What was advertised in a colonial American newspaper 250 years ago this week?

New-York Gazette and Weekly Mercury (January 6, 1772).

“Will sell them cheaper than any in the city.”

Charles Oliver Bruff, a goldsmith and jeweler, operated a shop at “the Sign of the Tea-pot, Tankard, and Ear-ring” on Maiden Lane in New York in the early 1770s.  He regularly placed newspaper notices to advise prospective clients of his services.  In the January 6, 1772, edition of the New-York Gazette and Weekly Mercury, for instance, he declared that he “makes or mends any kind of diamond or enamel’d work in the jewellery way” and “makes all sorts of silversmiths work, and mends old work.”  In addition, he mended “ladies fans in the neatest manner and at the lowest price” and sold rings, lockets, “hair jewels,” and a variety of other jewelry.

Bruff sought to draw attention to two other aspects of his business.  He informed readers that he had “just finished some of the neatest dies for making sleeve buttons, with the neatest gold cuts to them to stamp all sorts of gold buttons, silver, pinchbeck, or brass.”  Colonizers who desired such distinctive buttons could acquire them from Bruff … and at bargain prices.  He pledged to “sell them cheaper than any in the city.”  In addition to buttons, Bruff also highlighted his interest in working with “gentlemen merchants that travel the country, or pedlars,” anticipating that they would purchase in quantity for resale.  The goldsmith asserted that peddlers “may depend on being used well.”  That included maintaining good relationships as well as offering low prices.  Bruff confided that for such customers he would “make any kind of work cheaper than they can get it in the city elsewhere.”

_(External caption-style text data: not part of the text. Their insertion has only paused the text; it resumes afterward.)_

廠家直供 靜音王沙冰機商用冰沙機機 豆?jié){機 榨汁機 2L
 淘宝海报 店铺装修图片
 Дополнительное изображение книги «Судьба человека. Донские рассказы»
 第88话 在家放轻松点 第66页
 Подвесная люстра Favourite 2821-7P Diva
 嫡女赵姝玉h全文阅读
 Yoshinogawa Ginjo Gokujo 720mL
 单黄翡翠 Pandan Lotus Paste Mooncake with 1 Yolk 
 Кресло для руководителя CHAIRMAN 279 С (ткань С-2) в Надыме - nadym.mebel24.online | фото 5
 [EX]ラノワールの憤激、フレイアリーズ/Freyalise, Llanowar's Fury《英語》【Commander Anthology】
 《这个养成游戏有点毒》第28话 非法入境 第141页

Whether hawking buttons, cultivating relationships with retailers, or mending fans for fashionable ladies, Bruff deployed superlatives to compare his prices to those of his competitors in the bustling port city.  He did not merely declare that he offered comparable low prices; instead, he claimed that he undersold other goldsmiths and jewelers in New York, hoping that this strategy would bring customers into his shop.